Vengeance Will Be Mine

For a posse chasing a murderous band of outlaws, a quiet kid with a lightning fast gun is good company. And when the outlaws turn around and attack the posse, The Loner doesn’t have a choice: he’s now caught up in a running gun battle across West Texas. The Loner knows the men he’s fighting are bad to the bone—led by a merciless killer named Warren Latch. But what about the guys on his side? As men on both sides of the fight bite the dust, the Loner has fewer allies and no way out. That’s when a beautiful bounty hunter appears on the scene—to lead the way into another vendetta, another betrayal, and one final, bloody fight to the death…

Chapter One

Dusk was settling down over the West Texas town of Fire Hill as Vint Reilly walked home from the stage station.

The day had been blistering hot, as usual, but now that the sun was down the dry air was begin­ning to cool.
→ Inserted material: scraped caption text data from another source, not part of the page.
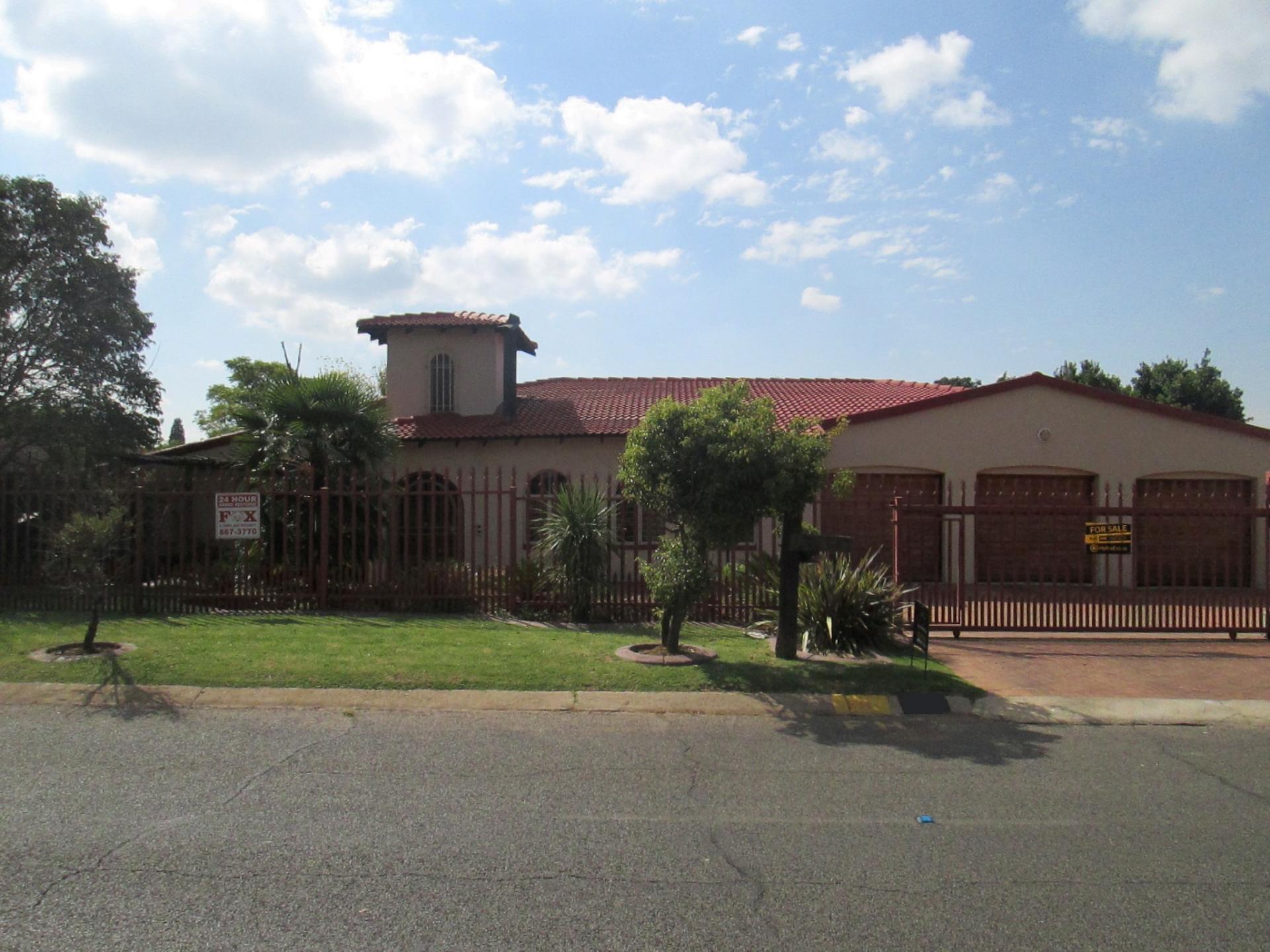 Front View of property in Randhart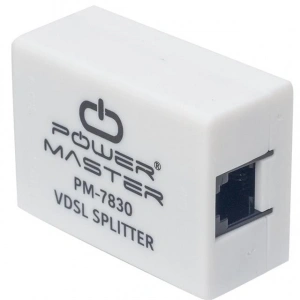 Powermaster PM-7830 VDSL/ADSL2+ Profesyonel Sinyal Ayırıcı Splitter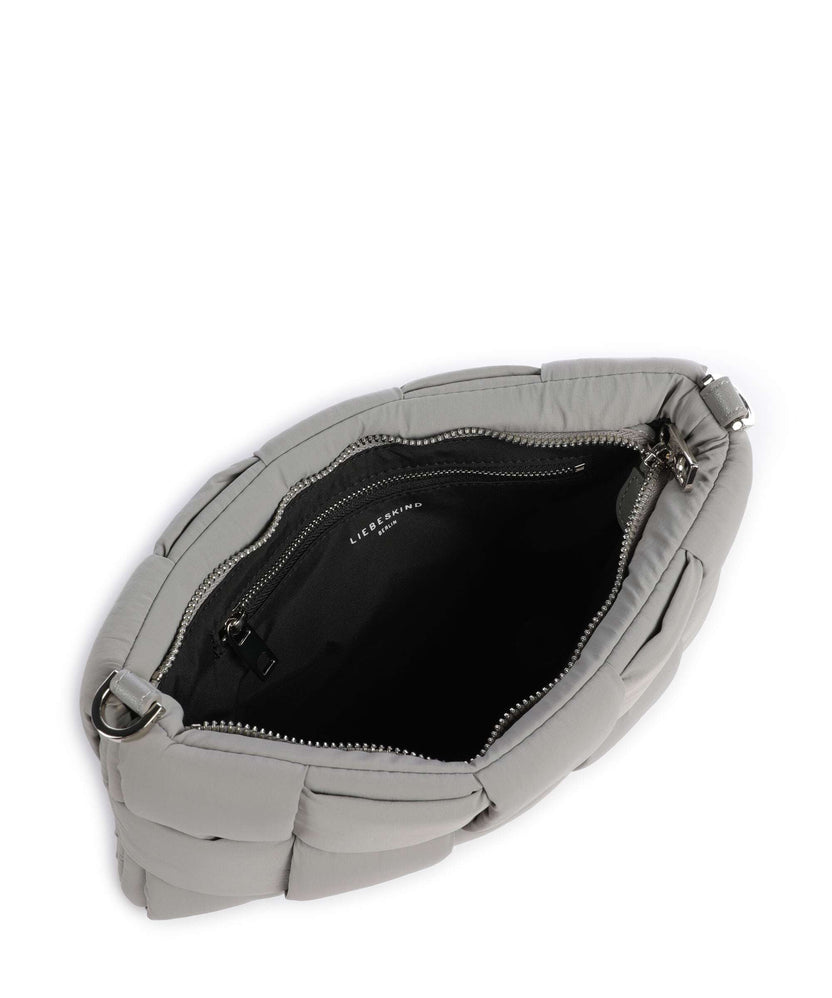 Liebeskind Bo Weaved Nylon S Crossbody bag neutral grey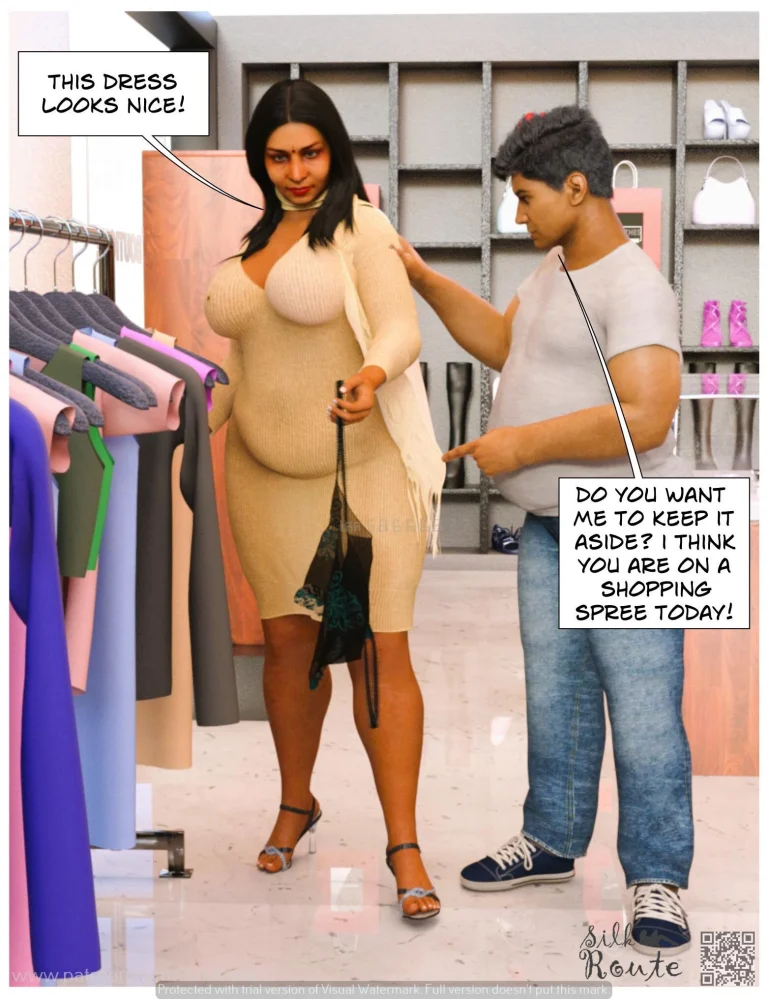 Rani Aunty 03-The V part 1 [ENG] porn comic picture 12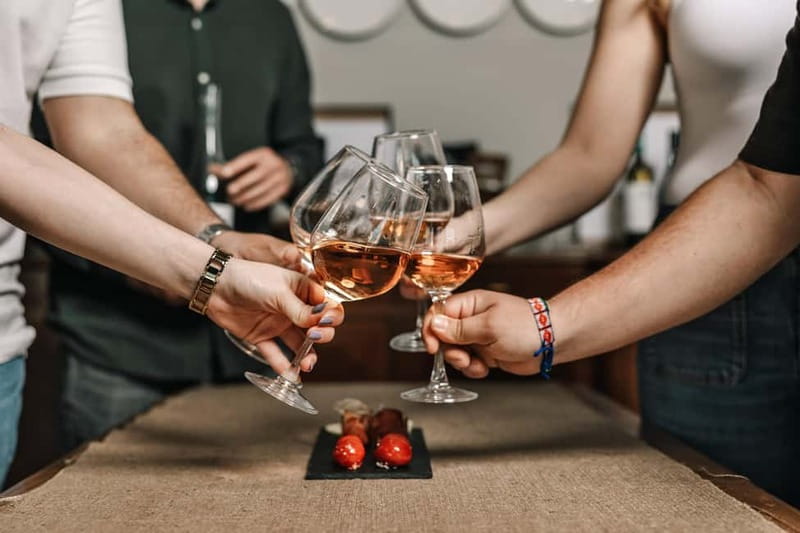 Corfu: Wine Tasting with 5 native grape varieties. - The $64 price and what you receive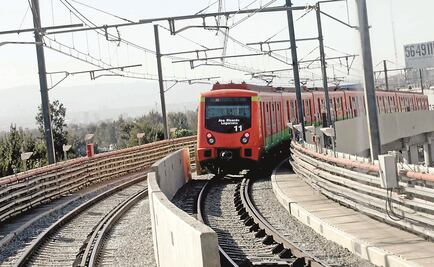 Llega 'Chinampina 2' a Línea 12 del Metro, hará trabajos de renivelación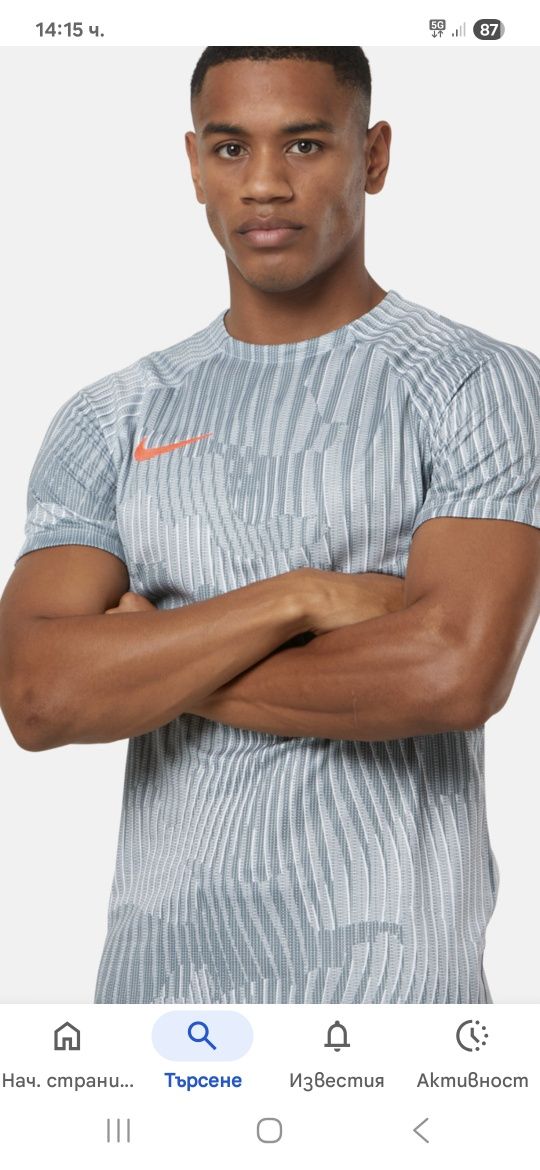 Nike Dry Fit-Ориг. Тениска Нова!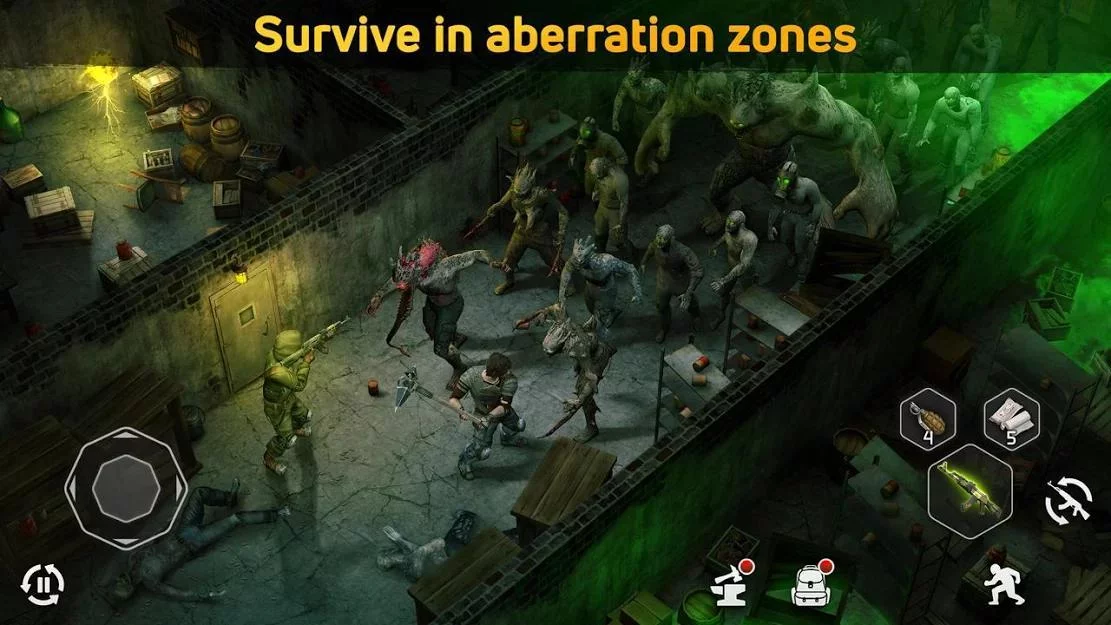 Изображение игры: Dawn of Zombies: Survival after the Last War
The faint breeze felt good on his face as he glanced toward the knob west of town.

The founder of Fire Hill, old Marcus Burton, had come to these parts forty years earlier, not long before the Civil War, to start a ranch. He’d figured he wanted a town as well, to supply the needs of that ranch. The spot on the stream that came to be known as Burton Creek had been a good choice for the settlement.

According to legend, Marcus Burton had stood at that spot and looked toward the knob just as the sun was setting behind it. The red glare made it look like a giant fire was burning on top of the hill.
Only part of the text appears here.